**TASK DIRECTIONS:**
Since the records include pictures, leave those out while you reproduce exactly and only the lines from the one containing "autotalli - 318 000 € (Ref: 9806508)" through the one containing "auch Tänze aufgeführt.Forchheim", inclusive.

**SOURCE MATERIAL:**
= Beginning of Section =

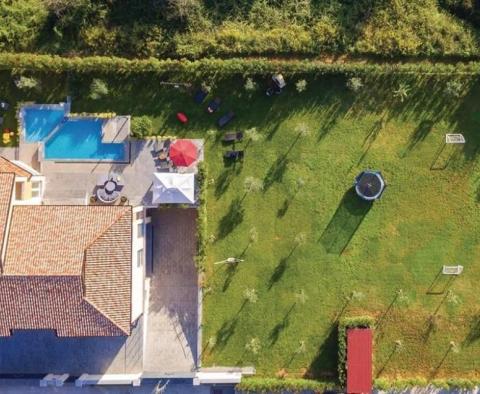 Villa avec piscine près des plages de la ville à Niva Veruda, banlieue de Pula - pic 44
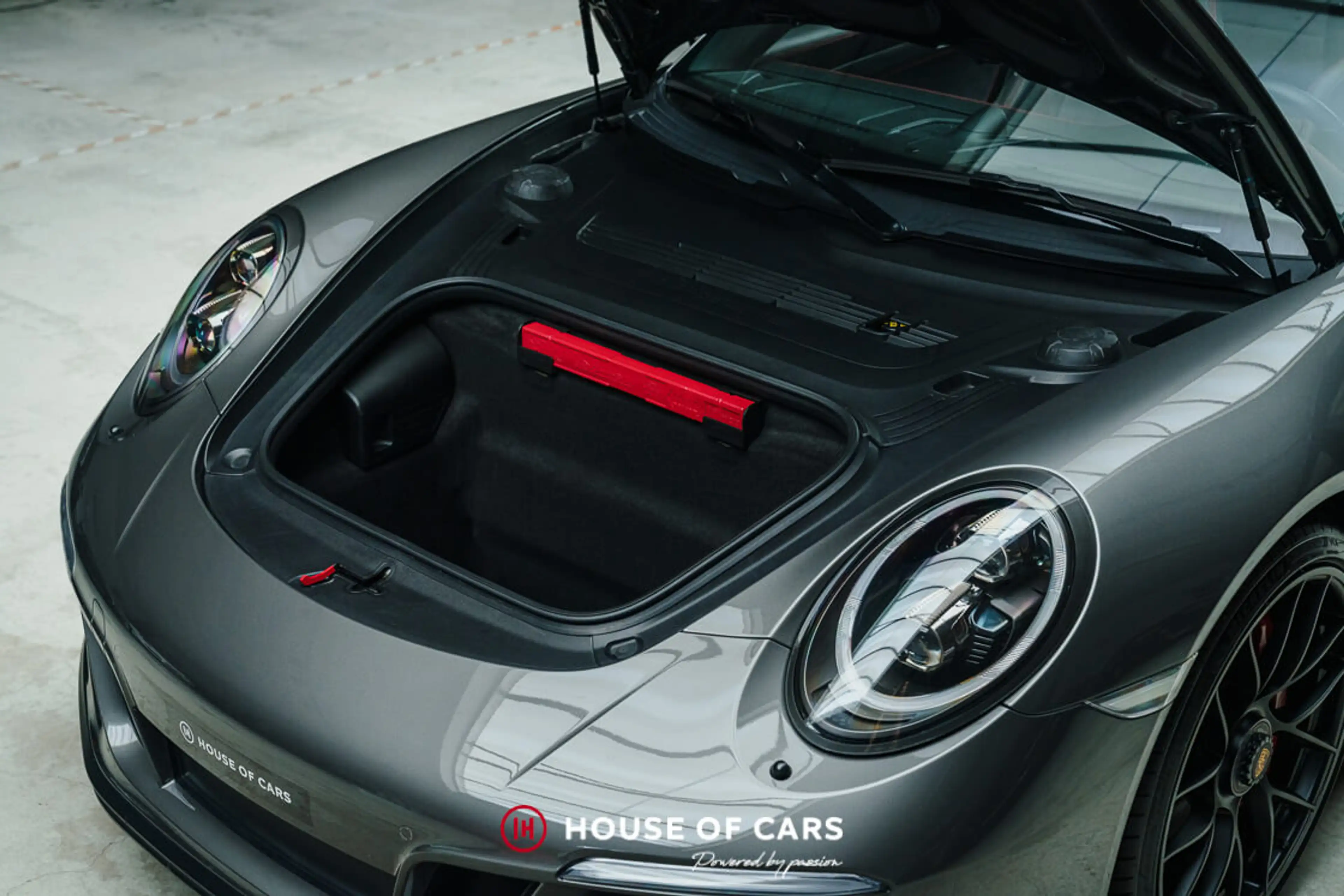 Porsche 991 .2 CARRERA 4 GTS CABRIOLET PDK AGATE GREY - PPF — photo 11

= End of Section =
= Beginning of Section =

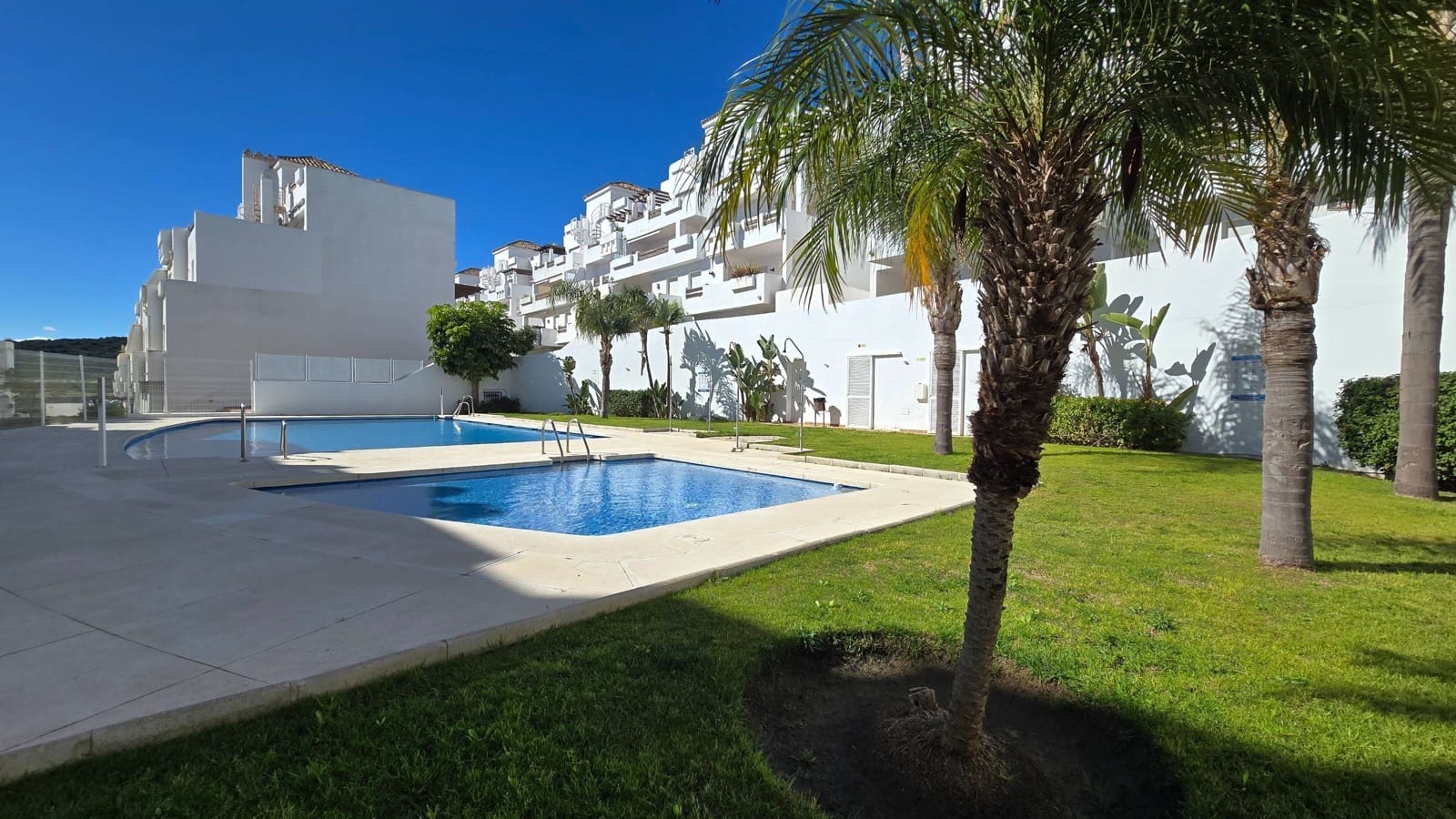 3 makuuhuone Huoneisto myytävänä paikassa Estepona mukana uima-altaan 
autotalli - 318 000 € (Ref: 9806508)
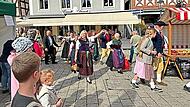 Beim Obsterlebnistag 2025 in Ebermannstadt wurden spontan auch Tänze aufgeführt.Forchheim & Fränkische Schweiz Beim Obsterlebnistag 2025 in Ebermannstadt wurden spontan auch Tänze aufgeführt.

= End of Section =

**FINISHED EXERCISE:**
autotalli - 318 000 € (Ref: 9806508)
 Beim Obsterlebnistag 2025 in Ebermannstadt wurden spontan auch Tänze aufgeführt.Forchheim & Fränkische Schweiz Beim Obsterlebnistag 2025 in Ebermannstadt wurden spontan auch Tänze aufgeführt.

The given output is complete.